Zum anderen denke ich an die jungen Mütter, die zu Beginn der Familiengründung noch ohne Abschluss dastehen. Bei den unter 25-jährigen Müttern sind es immerhin über 50 Prozent, die keinen Berufsabschluss haben. Es wäre daher doch sehr zu begrüßen, noch viele weitere Unternehmen davon zu überzeugen, dass eine Ausbildung in Teilzeit angeboten wird. Eine Ausbildung in Teilzeit absolvieren zu können, bietet jungen Erwachsenen mit Familienverantwortung eine echte Chance.
Seit 2005 besteht die Option der Teilzeitausbildung; leider wird diese Möglichkeit aber bisher noch viel zu wenig genutzt. So wurden im Jahr 2012 nur 0,2 Prozent der Ausbildungsverträge in Teilzeit abgeschlossen. Dabei liegen die Vorteile für die Betriebe doch auch hier auf der Hand: Die Betriebe erhalten engagierte Fachkräfte, die durch ihre Familienverantwortung viel Organisationsgeschick und Verantwortungsbewusstsein mitbringen. Die Teilzeitausbildung lässt sich flexibel in den Betriebsablauf integrieren und kann vor allem kleinen Betrieben einen Einstieg in die Fachausbildung bieten, sollten finanzielle und zeitliche Kompetenzen für eine Vollausbildung fehlen. Zudem zeichnet Familienfreundlichkeit ein Unternehmen als attraktiven Arbeitgeber aus. Teilzeitausbildung bietet jungen Eltern und Alleinerziehenden eine wirkliche Chance, Berufsausbildung und Familie miteinander zu verbinden – ein Mehrwert nicht nur für die Wirtschaft, sondern für die gesamte Gesellschaft.

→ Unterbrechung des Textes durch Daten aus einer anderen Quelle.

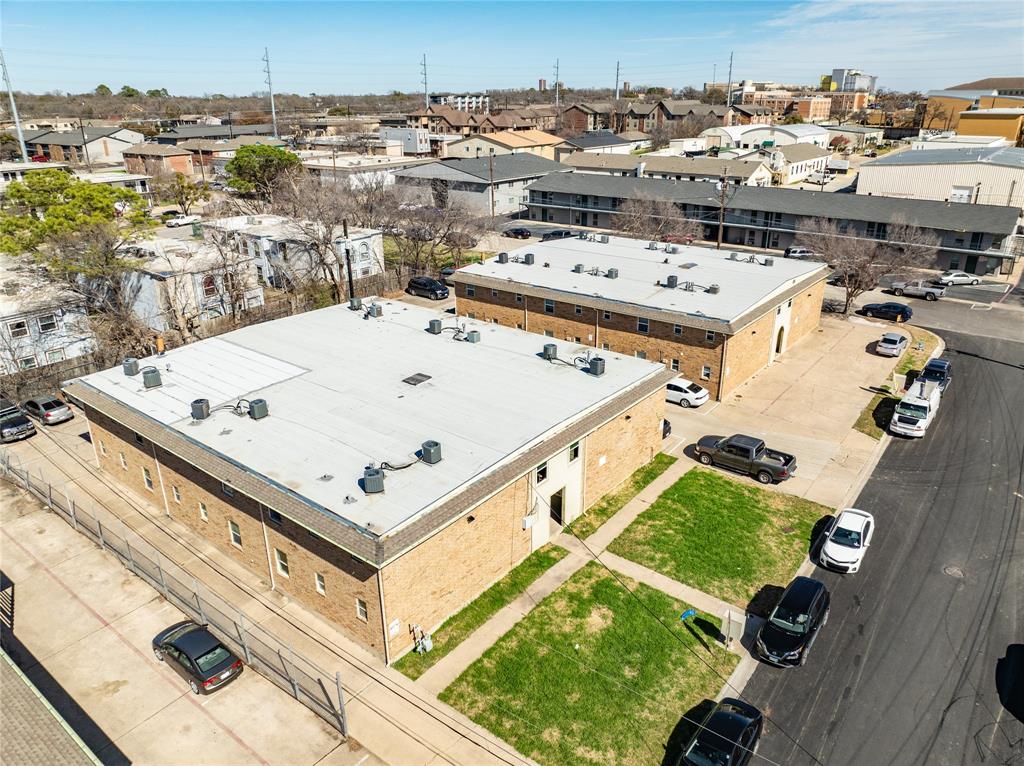2404 Louise Street 2404 & 2420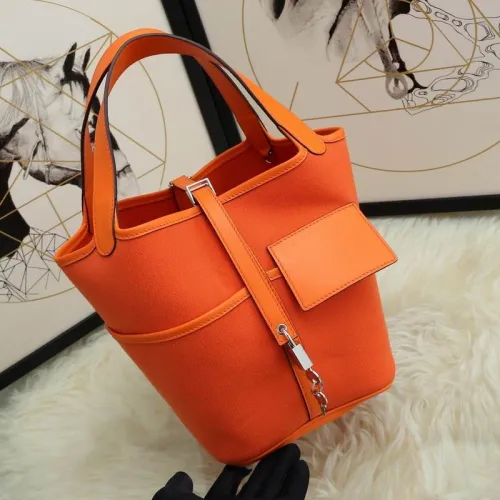 Hermes High End Quality Bag-092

Aber kommen wir wieder ganz konkret zurück zum Elterngeld Plus. Kürzlich wurde ich bei einer Veranstaltung darauf angesprochen, ob wir nicht in Bezug auf Familienleistungen auch etwas für die Selbstständigen machen könnten. An dieser Stelle möchte ich noch einmal betonen: Auch Selbstständige können vom Leistungspaket des Elterngeld Plus profitieren; denn die Flexibilität des Elterngeld Plus bringt gerade für Selbstständige besondere Vorteile. Wenn Selbstständige in geringem Umfang erwerbstätig sind oder nachlaufende Einkünfte aus ihrer Tätigkeit vor der Geburt haben, profitieren sie wie alle anderen Eltern auch. Das Elterngeld ersetzt nur den tatsächlich ausfallenden Einkommensanteil. Mit einem Elterngeld-Plus-Monat wird nur noch ein halber Monatsanspruch des Elterngeldes verbraucht statt wie bisher ein ganzer.
Zusammenfassend bietet das Elterngeld Plus Familien unabhängig davon, ob in selbstständiger oder nicht selbstständiger Arbeit, mehr Zeit mit der Familie, und ermöglicht es durch einen frühen Wiedereinstieg in Teilzeiterwerbstätigkeit den Eltern, Familie und Beruf unter einen Hut zu bringen.
Dieses Gesetz zeigt, dass wir nicht nur die Arbeit der Frauen, sondern auch die Erziehungsleistung der Väter wertschätzen.
Vielen Dank.
(Beifall bei der CDU/CSU und der SPD)
Vielen Dank. – Ich schließe die Aussprache.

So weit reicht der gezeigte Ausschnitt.